Synopsis : Cinquante Nuances de Grey, d’après le roman éponyme, best-seller mondial et véritable phénomène de société, est l’adaptation littéraire pour l’écran la plus attendue.
L’histoire d’une romance passionnelle, et sexuelle, entre un jeune homme riche amateur de femmes, et une étudiante vierge de 22 ans.
Acteurs : Dakota Johnson, Jamie Dornan, Luke Grimes, Jennifer Ehle, Max Martini, Eloise Mumford, Marcia Gay Harden.
Gris or Grey ?
Ma note, équivalente à un petit 2,5/10 témoigne de la réception de nombreux critiques cinéma. On pourrait ne pas critiquer ce film, laisser tomber. Mais il y a aussi des choses qui étonnent. Dès lors, je vais traiter de cette adaptation, malgré le fait que nous découvrons, à défaut de l’homme sans qualités un film sans qualités ! Il y a en effet un énorme buzz sur la Toile : un nombre incroyable de places achetées en pré-vente (en Belgique 75.000 au moment où j’écris ces lignes ; un multiplex namurois qui le projette dans toutes ses salles - douze - le jour du lancement) : un roman sulfureux - que je n’ai pas lu -, un embargo pour les journalistes jusqu’au mercredi 11 février à 10h00, y compris les médias sociaux. Voilà qui laissait augurer d’une expérience extraordinaire. Quel souvenir en ai-je gardé ?

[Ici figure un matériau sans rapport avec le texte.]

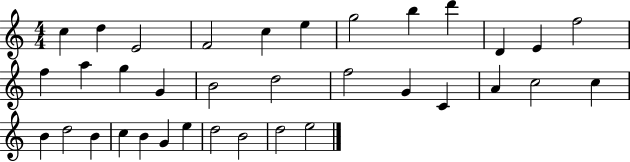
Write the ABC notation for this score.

X:1
T:Untitled
M:4/4
L:1/4
K:C
c d E2 F2 c e g2 b d' D E f2 f a g G B2 d2 f2 G C A c2 c B d2 B c B G e d2 B2 d2 e2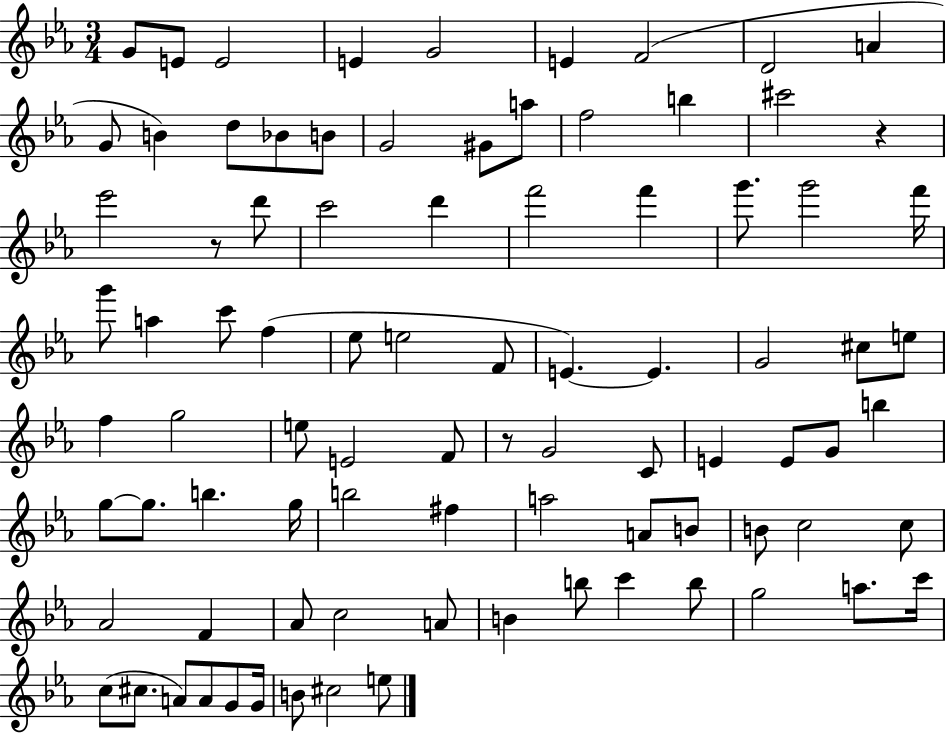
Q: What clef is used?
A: treble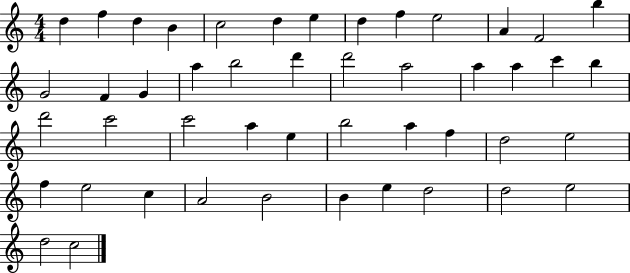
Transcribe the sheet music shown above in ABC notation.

En fait, ce qui m’aura le plus marqué et qui reste le plus en mémoire de la vision presse, c’est le dress-code qui imposait la cravate grise ! C’est donc tout de gris vêtu que je suis allé en vision presse. Mes « gris » tout en nuances... mais en fait le gris est de peu d’importance dans le film dont l’histoire tient sur un bout de papier. Il me semblait que le synopsis était bien léger et que j’en découvrirais plus à l’écran. En réalité, tout était déjà dans le résumé. Par ailleurs, en fait de gris, il s’agit de Grey, de M. Grey, donc, multimilliardaire de 27 ans (dans le roman).
Un goût de Twilight ?
Pendant la projection j’ai pensé à plusieurs films - j’y reviendrai - mais je me suis dit à certains moments : "c’est comme un Twilight sans vampires" ! En préparant cette chronique, je découvre en lisant l’article Wikipedia consacré à la romance érotique (de la Britannique E. L. James) de 2012 que : "La trilogie Cinquante nuances de Grey a d’abord été une fanfiction basée sur l’univers de Twilight et s’appelait à l’origine Master of the Universe. James la publiait petit à petit sous le pseudo « Snowqueen’s Icedragon » sur différents sites de fanfiction. Les personnages centraux étaient à l’origine Edward Cullen et Bella Swan, issus de Twilight, de Stephenie Meyer. Le roman est alors considéré comme une romance érotique. Après avoir reçu des avertissements concernant le contenu explicitement sexuel du texte, James a supprimé l’histoire de ces sites et l’a publiée sur son propre site, FiftyShades.com."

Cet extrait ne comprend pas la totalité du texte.